Required work:
From the listing below, set down exactly the lines between the one holding "Iron Man with magical energy HD Wallpaper" and the one holding "Monedas antiguas: Ancient", inclusive. No other line is wanted.

Material provided:

◇ ◇ ◇ ◇ ◇

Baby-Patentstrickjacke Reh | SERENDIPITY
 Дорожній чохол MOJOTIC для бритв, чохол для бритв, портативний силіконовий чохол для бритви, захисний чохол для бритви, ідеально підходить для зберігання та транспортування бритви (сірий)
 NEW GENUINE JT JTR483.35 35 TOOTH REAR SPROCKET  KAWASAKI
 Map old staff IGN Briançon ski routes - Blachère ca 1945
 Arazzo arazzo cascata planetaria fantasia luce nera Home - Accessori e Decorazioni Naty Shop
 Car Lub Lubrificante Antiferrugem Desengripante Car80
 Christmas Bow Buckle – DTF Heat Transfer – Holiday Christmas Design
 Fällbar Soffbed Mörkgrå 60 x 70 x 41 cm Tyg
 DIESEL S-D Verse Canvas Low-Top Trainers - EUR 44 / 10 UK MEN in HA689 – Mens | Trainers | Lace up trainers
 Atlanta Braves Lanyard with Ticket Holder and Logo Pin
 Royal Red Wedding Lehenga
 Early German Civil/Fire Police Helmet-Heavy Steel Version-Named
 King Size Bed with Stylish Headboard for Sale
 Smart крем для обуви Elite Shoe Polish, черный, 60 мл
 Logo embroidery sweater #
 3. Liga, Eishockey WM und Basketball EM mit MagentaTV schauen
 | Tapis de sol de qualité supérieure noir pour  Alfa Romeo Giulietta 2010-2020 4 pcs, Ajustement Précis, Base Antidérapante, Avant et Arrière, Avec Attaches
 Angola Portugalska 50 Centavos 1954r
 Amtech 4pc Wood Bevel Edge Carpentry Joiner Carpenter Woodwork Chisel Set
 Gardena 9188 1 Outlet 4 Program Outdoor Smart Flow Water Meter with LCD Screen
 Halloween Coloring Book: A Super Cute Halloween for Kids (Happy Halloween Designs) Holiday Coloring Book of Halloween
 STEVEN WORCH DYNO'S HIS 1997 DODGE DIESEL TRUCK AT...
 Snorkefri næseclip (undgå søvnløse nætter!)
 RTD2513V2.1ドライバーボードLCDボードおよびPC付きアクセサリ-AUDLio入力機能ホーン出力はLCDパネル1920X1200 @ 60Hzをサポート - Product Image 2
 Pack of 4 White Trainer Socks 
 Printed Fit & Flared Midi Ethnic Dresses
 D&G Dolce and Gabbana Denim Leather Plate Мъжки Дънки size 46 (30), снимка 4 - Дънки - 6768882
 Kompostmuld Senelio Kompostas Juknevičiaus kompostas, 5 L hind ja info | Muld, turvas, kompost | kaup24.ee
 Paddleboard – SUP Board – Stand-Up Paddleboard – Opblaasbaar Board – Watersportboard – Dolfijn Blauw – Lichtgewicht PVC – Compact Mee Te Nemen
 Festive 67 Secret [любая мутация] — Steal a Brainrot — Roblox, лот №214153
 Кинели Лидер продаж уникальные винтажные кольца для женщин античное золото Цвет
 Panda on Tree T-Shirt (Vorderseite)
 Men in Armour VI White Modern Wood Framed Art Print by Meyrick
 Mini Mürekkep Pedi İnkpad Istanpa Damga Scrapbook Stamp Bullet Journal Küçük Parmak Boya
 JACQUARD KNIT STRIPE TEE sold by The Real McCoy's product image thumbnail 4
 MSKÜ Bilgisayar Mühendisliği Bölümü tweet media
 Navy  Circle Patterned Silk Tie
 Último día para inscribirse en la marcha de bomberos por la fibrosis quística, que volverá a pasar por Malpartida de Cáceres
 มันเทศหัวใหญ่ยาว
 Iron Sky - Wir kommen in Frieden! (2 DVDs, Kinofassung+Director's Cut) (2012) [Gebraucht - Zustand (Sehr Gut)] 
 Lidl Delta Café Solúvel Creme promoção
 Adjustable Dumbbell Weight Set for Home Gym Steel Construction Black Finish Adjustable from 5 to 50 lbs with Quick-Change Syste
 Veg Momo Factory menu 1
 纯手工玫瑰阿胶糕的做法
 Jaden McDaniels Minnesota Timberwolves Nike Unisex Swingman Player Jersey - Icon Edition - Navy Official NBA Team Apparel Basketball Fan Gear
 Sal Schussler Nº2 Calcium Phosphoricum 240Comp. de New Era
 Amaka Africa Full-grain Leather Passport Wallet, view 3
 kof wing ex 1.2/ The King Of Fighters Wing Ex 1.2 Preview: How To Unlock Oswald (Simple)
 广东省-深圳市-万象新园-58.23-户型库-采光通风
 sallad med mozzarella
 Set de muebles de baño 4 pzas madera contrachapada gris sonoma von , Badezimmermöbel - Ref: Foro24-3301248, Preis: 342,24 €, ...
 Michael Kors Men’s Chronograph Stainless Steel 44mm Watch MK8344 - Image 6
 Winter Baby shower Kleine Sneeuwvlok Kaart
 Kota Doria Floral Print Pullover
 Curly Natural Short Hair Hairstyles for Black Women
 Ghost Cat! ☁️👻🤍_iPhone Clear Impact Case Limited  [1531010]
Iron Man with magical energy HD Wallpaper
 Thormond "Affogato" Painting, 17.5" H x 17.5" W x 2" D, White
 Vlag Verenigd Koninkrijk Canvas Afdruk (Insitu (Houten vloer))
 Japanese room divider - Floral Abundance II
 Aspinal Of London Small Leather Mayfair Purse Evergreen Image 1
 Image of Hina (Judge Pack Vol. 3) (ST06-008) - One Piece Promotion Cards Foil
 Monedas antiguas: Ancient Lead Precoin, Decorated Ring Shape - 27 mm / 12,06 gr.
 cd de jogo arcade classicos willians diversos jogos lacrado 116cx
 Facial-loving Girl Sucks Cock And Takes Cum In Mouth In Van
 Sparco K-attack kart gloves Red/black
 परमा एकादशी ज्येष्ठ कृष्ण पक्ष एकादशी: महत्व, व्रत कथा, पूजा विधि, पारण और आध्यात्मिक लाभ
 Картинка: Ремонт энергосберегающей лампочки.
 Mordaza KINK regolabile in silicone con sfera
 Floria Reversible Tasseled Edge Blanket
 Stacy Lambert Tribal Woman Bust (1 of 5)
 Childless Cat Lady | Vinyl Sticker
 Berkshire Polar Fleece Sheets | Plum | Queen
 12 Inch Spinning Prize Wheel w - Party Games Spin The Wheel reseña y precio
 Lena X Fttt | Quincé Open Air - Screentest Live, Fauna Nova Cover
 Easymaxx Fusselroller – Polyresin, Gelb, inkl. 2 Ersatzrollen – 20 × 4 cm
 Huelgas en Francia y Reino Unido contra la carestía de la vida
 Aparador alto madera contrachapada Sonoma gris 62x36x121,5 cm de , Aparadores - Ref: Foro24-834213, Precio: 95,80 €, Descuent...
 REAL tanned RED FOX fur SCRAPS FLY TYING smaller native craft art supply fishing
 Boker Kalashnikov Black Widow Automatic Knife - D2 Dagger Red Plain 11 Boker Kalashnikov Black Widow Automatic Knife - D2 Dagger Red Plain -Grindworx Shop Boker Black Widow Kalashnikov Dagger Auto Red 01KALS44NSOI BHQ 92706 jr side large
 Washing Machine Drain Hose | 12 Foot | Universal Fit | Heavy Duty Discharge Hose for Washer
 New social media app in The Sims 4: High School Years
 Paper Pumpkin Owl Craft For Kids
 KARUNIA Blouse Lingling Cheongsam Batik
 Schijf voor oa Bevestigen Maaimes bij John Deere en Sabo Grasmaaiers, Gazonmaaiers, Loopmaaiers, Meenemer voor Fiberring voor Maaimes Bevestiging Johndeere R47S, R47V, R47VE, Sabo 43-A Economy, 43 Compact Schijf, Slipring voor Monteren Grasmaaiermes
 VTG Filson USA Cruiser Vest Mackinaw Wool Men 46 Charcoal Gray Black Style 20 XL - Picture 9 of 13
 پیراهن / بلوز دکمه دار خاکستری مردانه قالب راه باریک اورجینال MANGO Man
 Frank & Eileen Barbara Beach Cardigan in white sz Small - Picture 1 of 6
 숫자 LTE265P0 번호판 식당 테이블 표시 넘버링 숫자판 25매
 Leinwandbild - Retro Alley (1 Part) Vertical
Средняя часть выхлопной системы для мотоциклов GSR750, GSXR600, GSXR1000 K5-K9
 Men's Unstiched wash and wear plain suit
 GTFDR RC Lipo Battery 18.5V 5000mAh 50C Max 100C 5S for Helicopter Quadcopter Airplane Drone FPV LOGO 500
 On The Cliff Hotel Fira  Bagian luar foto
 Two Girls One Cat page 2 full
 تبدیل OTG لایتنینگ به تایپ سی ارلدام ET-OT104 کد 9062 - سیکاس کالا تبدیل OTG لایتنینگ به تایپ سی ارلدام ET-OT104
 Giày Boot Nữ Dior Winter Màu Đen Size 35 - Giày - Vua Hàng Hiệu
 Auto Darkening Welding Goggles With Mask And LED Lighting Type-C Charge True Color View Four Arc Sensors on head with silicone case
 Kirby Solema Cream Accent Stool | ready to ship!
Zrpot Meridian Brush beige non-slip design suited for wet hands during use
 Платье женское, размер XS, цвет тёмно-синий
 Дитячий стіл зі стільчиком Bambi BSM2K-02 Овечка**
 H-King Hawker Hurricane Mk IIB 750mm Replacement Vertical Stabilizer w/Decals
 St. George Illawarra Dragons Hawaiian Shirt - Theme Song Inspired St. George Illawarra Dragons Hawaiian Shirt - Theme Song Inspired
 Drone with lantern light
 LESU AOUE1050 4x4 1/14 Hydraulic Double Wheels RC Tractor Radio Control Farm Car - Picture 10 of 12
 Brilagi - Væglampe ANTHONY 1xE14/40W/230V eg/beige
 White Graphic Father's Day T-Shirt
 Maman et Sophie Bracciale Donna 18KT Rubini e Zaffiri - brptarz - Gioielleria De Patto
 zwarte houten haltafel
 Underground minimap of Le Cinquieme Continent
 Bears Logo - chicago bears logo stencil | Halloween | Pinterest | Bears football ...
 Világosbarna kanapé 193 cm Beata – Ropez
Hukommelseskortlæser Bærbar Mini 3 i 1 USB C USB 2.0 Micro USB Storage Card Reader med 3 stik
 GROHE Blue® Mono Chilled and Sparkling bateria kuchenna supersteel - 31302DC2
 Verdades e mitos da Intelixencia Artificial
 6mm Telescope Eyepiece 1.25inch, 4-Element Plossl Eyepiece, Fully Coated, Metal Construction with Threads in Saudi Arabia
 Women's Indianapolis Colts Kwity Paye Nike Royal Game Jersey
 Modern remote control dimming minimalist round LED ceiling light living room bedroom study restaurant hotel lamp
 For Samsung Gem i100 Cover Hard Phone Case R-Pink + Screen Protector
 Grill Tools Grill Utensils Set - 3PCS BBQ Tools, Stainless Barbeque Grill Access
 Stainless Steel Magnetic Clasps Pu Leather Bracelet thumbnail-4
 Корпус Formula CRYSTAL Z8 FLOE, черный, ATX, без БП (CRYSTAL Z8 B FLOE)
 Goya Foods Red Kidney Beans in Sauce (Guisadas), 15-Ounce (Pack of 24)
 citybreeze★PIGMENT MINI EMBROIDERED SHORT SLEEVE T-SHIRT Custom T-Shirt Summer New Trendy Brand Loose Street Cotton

◇ ◇ ◇ ◇ ◇

Written reply:
Iron Man with magical energy HD Wallpaper
 Thormond "Affogato" Painting, 17.5" H x 17.5" W x 2" D, White
 Vlag Verenigd Koninkrijk Canvas Afdruk (Insitu (Houten vloer))
 Japanese room divider - Floral Abundance II
 Aspinal Of London Small Leather Mayfair Purse Evergreen Image 1
 Image of Hina (Judge Pack Vol. 3) (ST06-008) - One Piece Promotion Cards Foil
 Monedas antiguas: Ancient Lead Precoin, Decorated Ring Shape - 27 mm / 12,06 gr.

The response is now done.